Learning from Rails

February 14, 2007

I've said before that learning different programming frameworks and languages makes you a better programmer. For example, learning about Ruby on Rails will make you a better Java programmer even if you don't ever build any apps in Ruby on Rails. Here's an example of that.

In a recent post, I pointed out how Rails make querying across relationships easy with the use of :includes. This adds outer joins to the SQL query. In Hibernate, this is referred to as eager fetching.

In Hibernate 3, by default, any associated collections of an object are loaded lazily. What this means is that by default, you just get a proxy to a collection that contains no data. Upon first access of the collection, hibernate goes and gets the data from the database when you need it. Rails also work like this.

In some cases, this is a good thing, because you are fetching only the data you need from the database, which leads to better performance. There are 2 cases where this becomes a problem:

First, you don't make your first call to the collection until after the Hibernate Session is closed. This will cause the dreaded LazyInitializationException. There are two ways to handle this problem:

a. You can open a session at the very beginning of request and then close it at the very end. This is most often done with a Filter, commonly known as the OpenSessionInView pattern. Incidentally, Rails doesn't require this, it "Just Works".

b. You can eagerly load all the data that you want.

The second problem caused when using lazy loading is the dreaded N+1 Select problem. Let's say you select all the posts from your blog, and each post has a collection of comments associated to it. So now that you have all your posts, you want to print out each post and each comment for each post. You'll basically end up doing some kind of nested for loop, but each time you do a loop on the comments of a post, your lazy loaded comments collection will have to get loaded from the database in a separate query. So the SQL queries executed during your request will be:

SELECT * FROM posts
SELECT * FROM comments WHERE post_id = 1
SELECT * FROM comments WHERE post_id = 2
SELECT * FROM comments WHERE post_id = 3
...

This is where the N+1 name comes from. You execute 1 query for the main object (posts, in this case), and then N queries, where N is the number of main objects. Now imagine if each comments had a collection of some kind associated to it. Then this becomes (N*M)+1, and this starts to become a real strain on your database, not to mention making your pages slow.
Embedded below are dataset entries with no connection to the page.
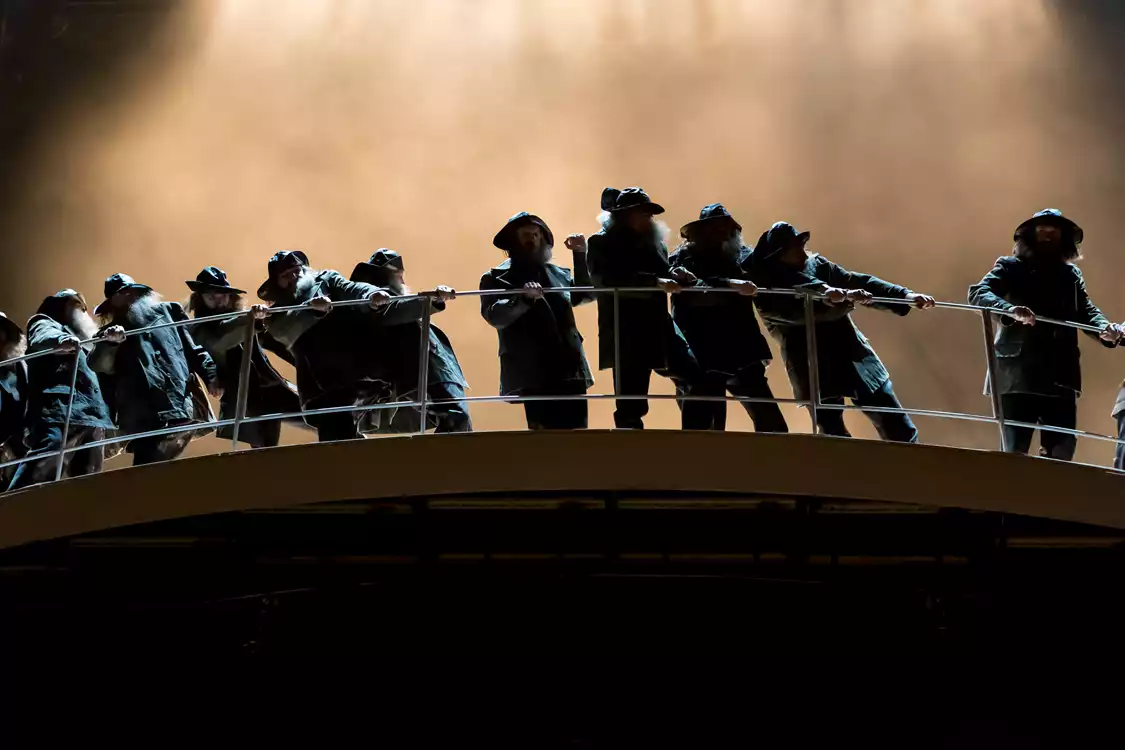 Der fliegende Holländer - preview image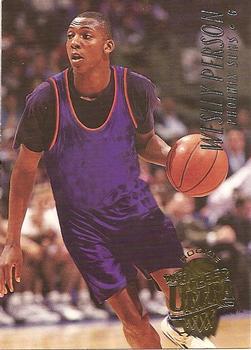 Wesley Person #153 Basketball Cards 1994 Ultra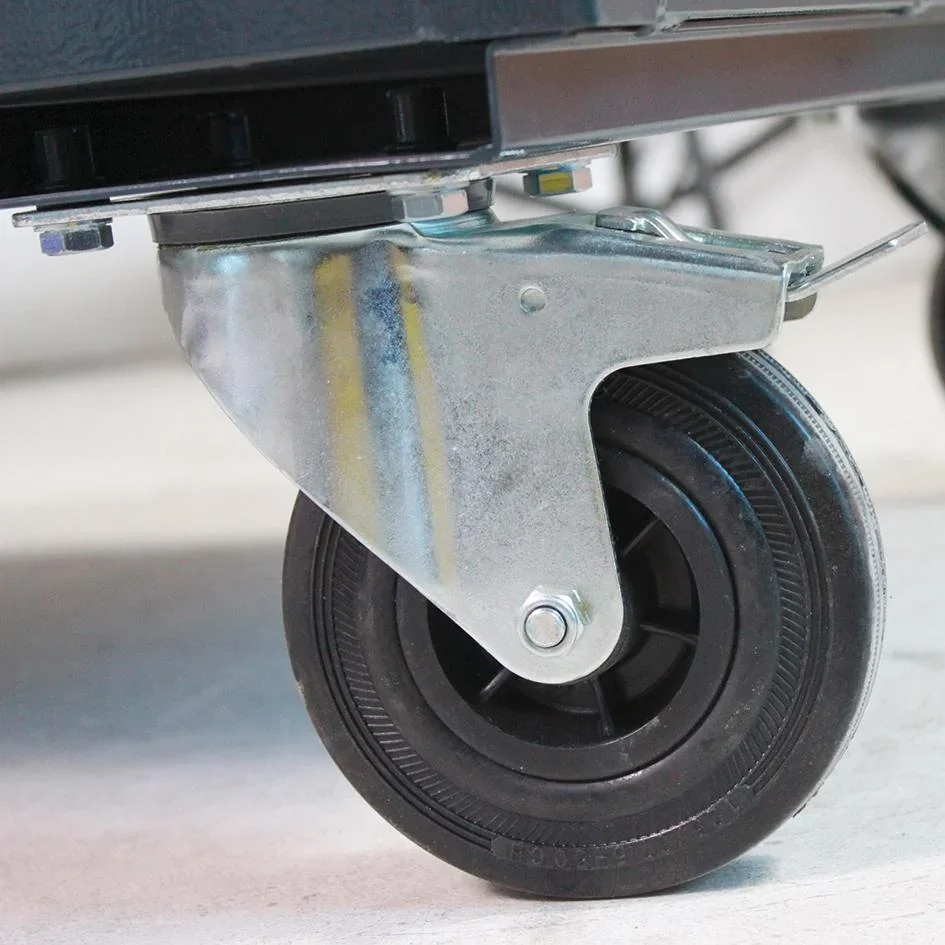 Mobile Werkbank "Eko" mit 1 Tür - 4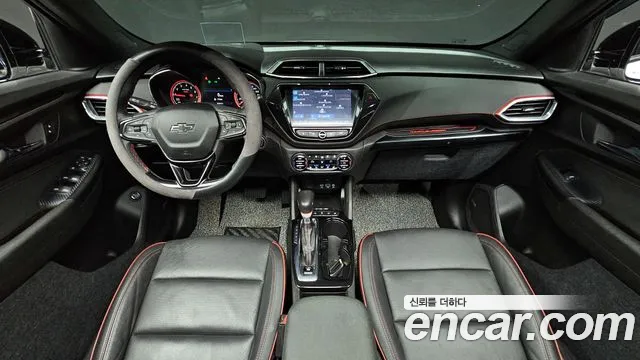 Chevrolet TrailBlazer 2020
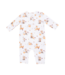Angel Dear Woodland Animals with Pumpkins - Uni Romper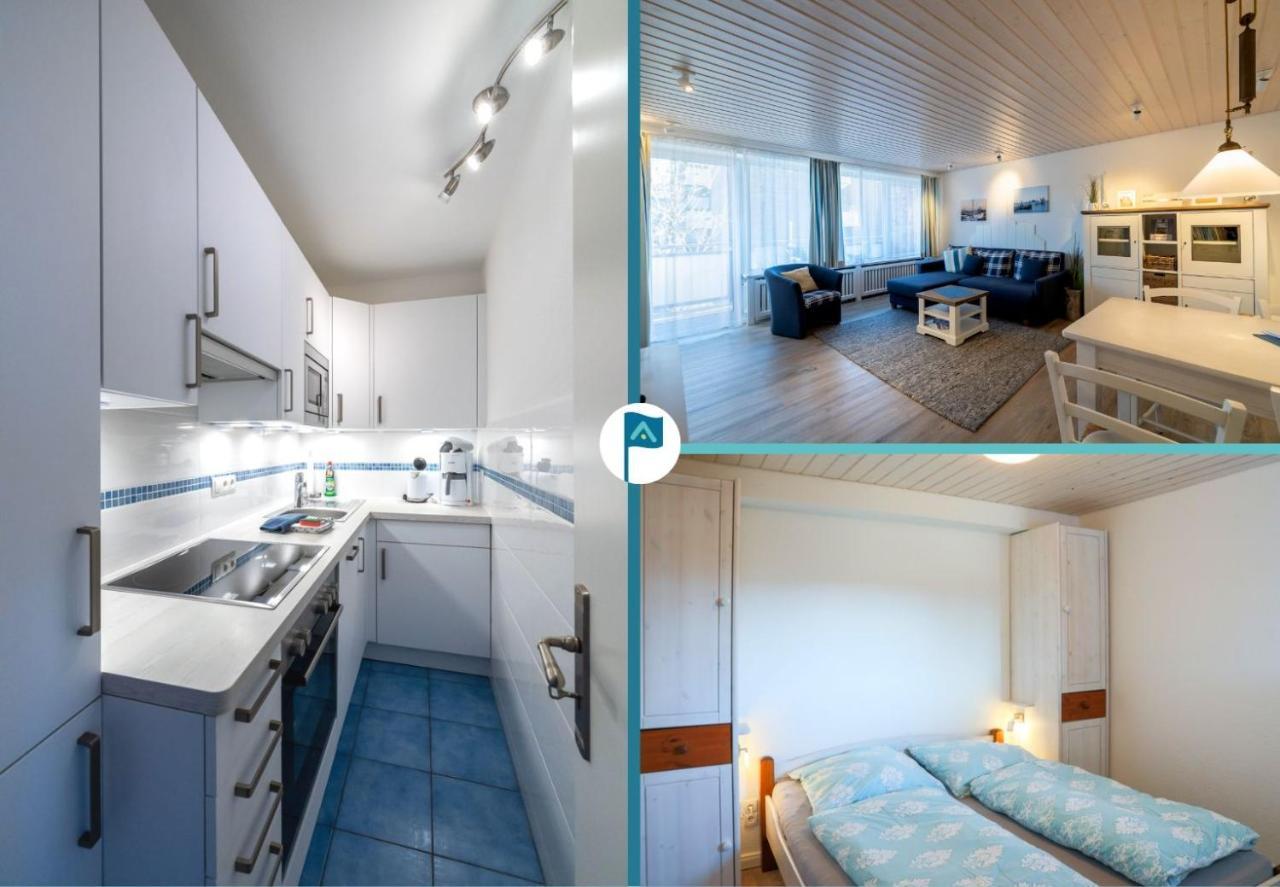 Ferienwohnung Seeschwalbe วืคเอาฟ์เฟอร์ ภายนอก รูปภาพ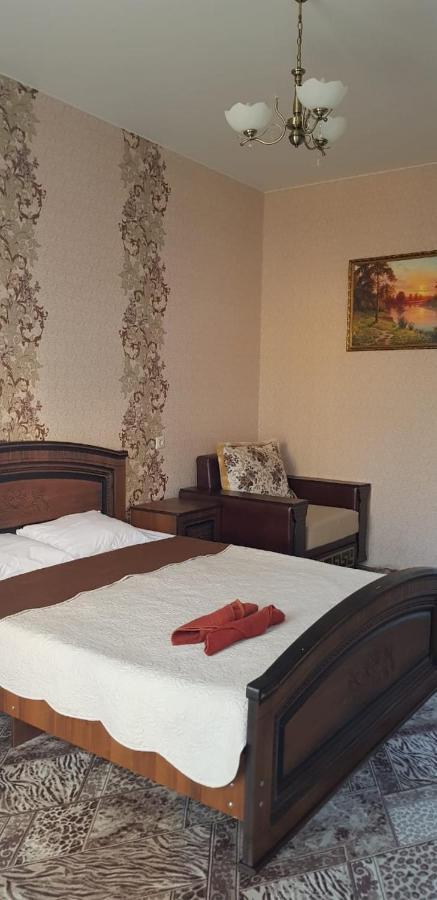 Arins-Park Otel Otradnoe Dış mekan fotoğraf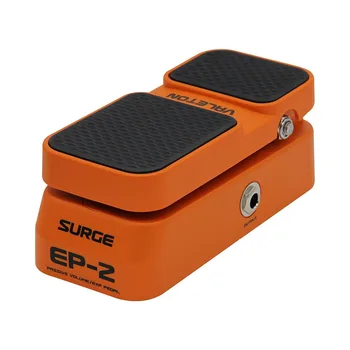 Valeton 2 in 1 Function Passive Volume Expression Guitar Effects Pedal 2 Performance Foot switch LED Light Shows EP-2
Valeton 2 in 1 Function Passive Volume Expression Guitar Effects Pedal 2 Performance Foot switch LED Light Shows EP-2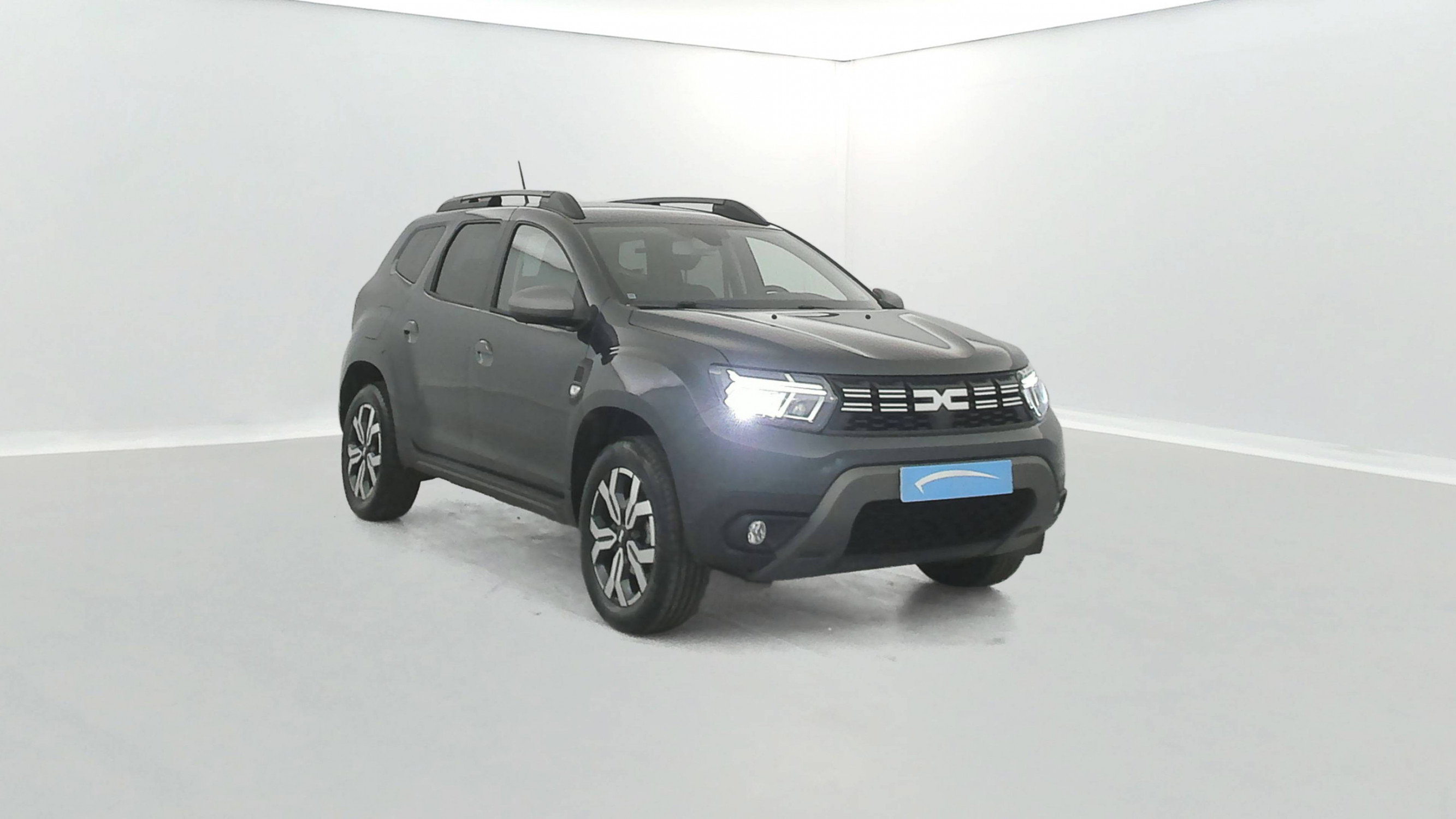 Vente en ligne Dacia Duster  Blue dCi 115 4x2 Journey au prix de 18 790 €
So, in either case 1b or 2, you want to use SQL joins to get all the data at once. When doing this in Java, you usually have a Data Access Object (DAO), that is where your Hibernate code is. So PostDAO.get(Long id) gets the post with the given id, but all collections are loaded lazily. To have them loaded eagerly, you create another method like PostDAO.getWithComments(Long id), which, if you are using Hibernate's Criteria API, you will end up having a line of code like setFetchMode("comments", FetchMode.JOIN). This is roughly equivalent to Rails' :include option in the find method.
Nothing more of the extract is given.